Task to carry out: Restate word for word the entries below, starting with the line with "С новорожденной дочкой Розитой (1965 год)" and continuing through the line with "Mitsubishi L200 18". Include both of those lines and no others.

(Input begins)

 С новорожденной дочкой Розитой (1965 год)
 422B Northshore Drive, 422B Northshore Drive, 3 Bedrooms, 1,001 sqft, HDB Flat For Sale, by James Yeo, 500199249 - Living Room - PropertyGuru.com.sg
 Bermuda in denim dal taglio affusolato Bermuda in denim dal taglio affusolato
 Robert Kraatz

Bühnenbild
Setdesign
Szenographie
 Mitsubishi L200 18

(Input ends)
(Input begins)

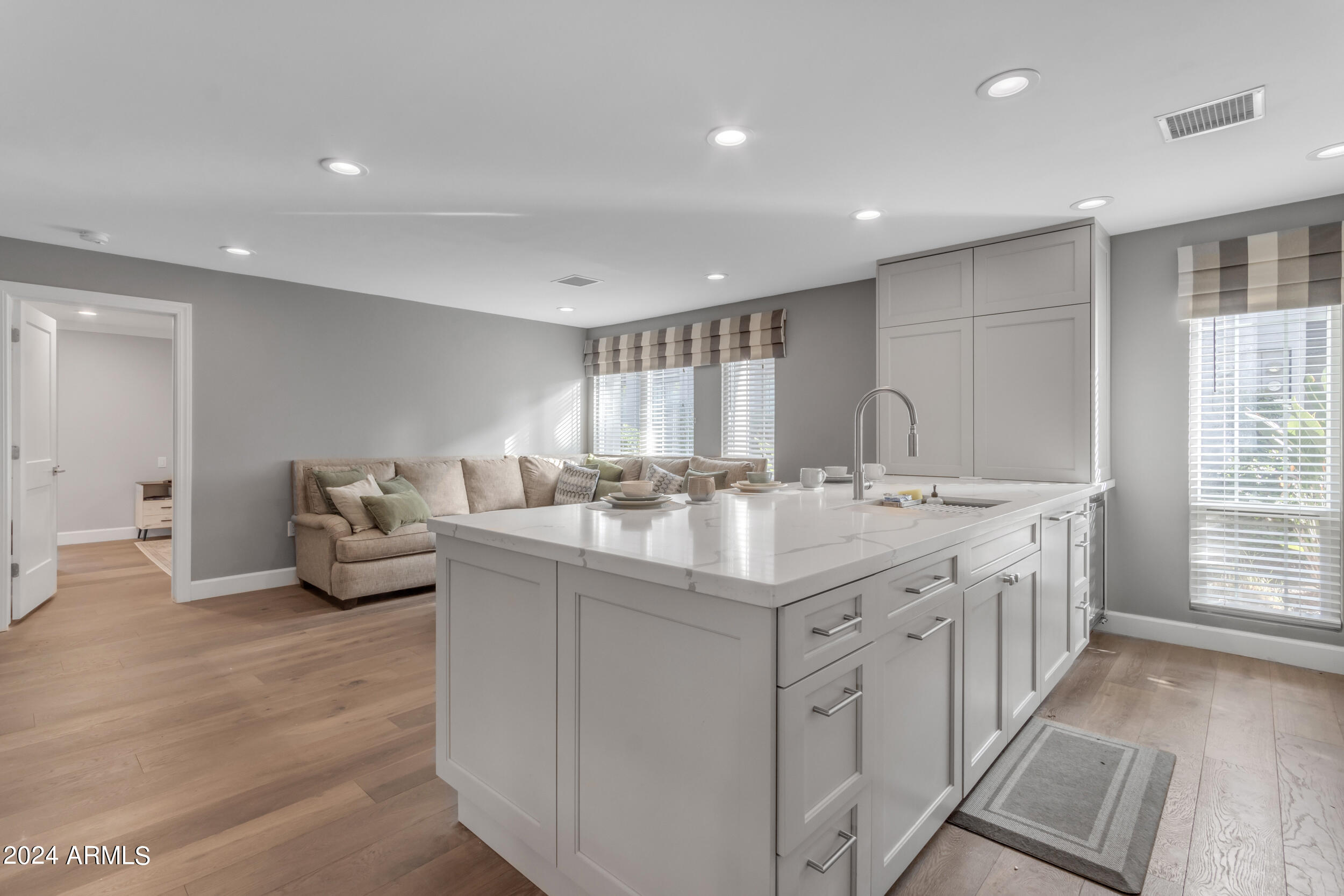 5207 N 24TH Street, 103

(Input ends)

Solution:
 С новорожденной дочкой Розитой (1965 год)
 422B Northshore Drive, 422B Northshore Drive, 3 Bedrooms, 1,001 sqft, HDB Flat For Sale, by James Yeo, 500199249 - Living Room - PropertyGuru.com.sg
 Bermuda in denim dal taglio affusolato Bermuda in denim dal taglio affusolato
 Robert Kraatz

Bühnenbild
Setdesign
Szenographie
 Mitsubishi L200 18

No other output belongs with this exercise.